TASK GOAL
Here is a listing. Write it all out again exactly, but not its pictures.

GIVEN INFORMATION
■ ■ ■ ■
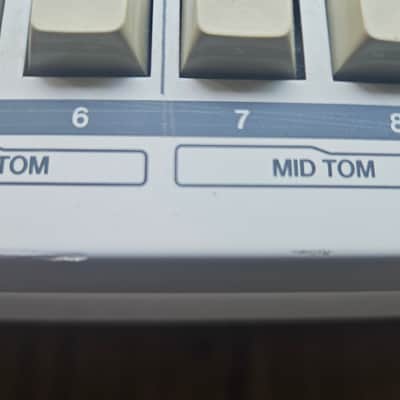 Roland TR-909 Rhythm Composer 1983 - 1985 - White Jeff Mills image 3
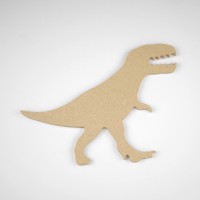 Holzmotiv Dino zum Basteln und Gestalten Holzmotiv Dino zum Basteln und Gestalten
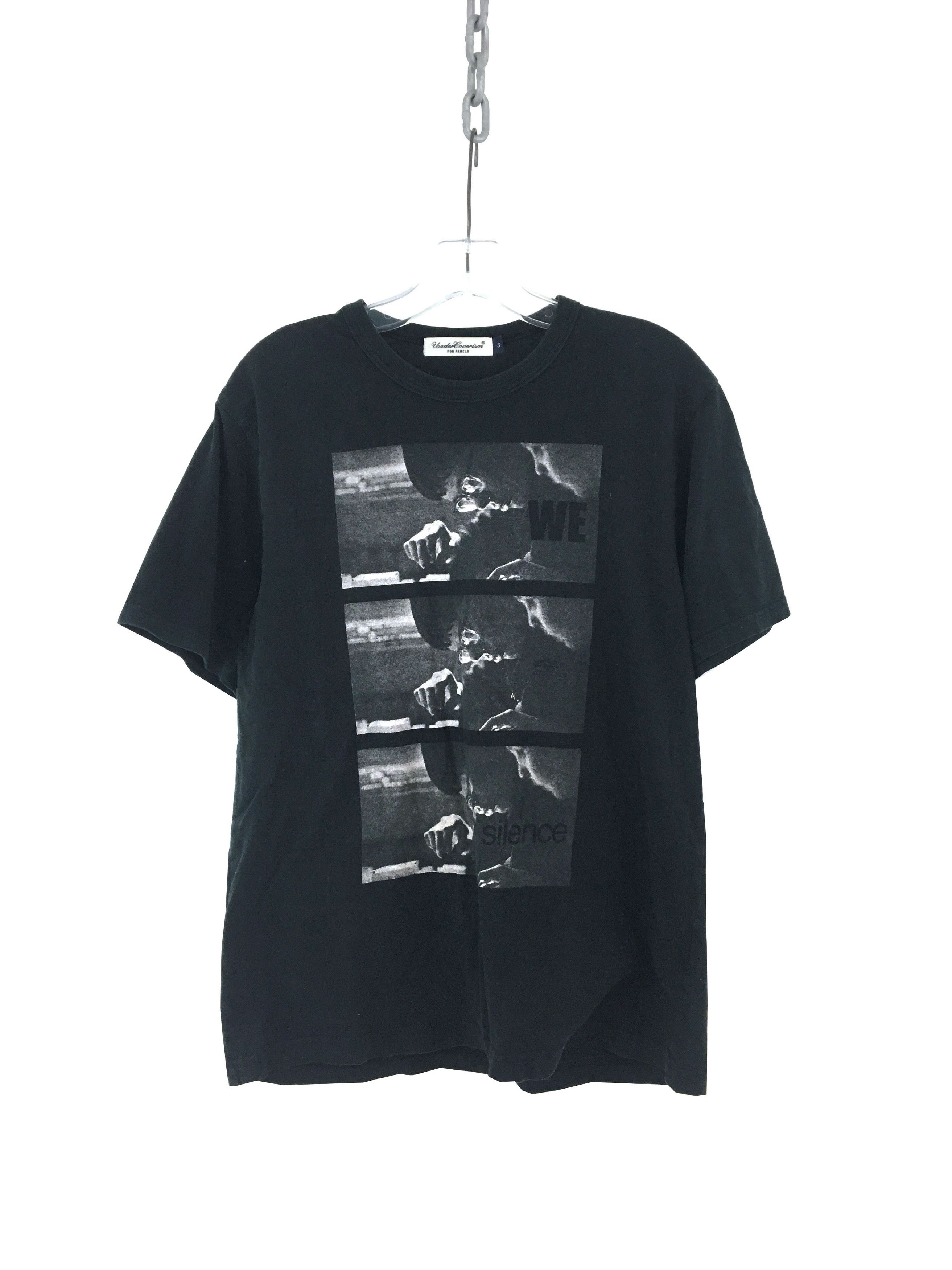 Undercover SS10 Less But Better We Silence T-Shirt | Grailed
■ ■ ■ ■
SOLUTION TO THE PROBLEM
 Roland TR-909 Rhythm Composer 1983 - 1985 - White Jeff Mills image 3
 Holzmotiv Dino zum Basteln und Gestalten Holzmotiv Dino zum Basteln und Gestalten
 Undercover SS10 Less But Better We Silence T-Shirt | Grailed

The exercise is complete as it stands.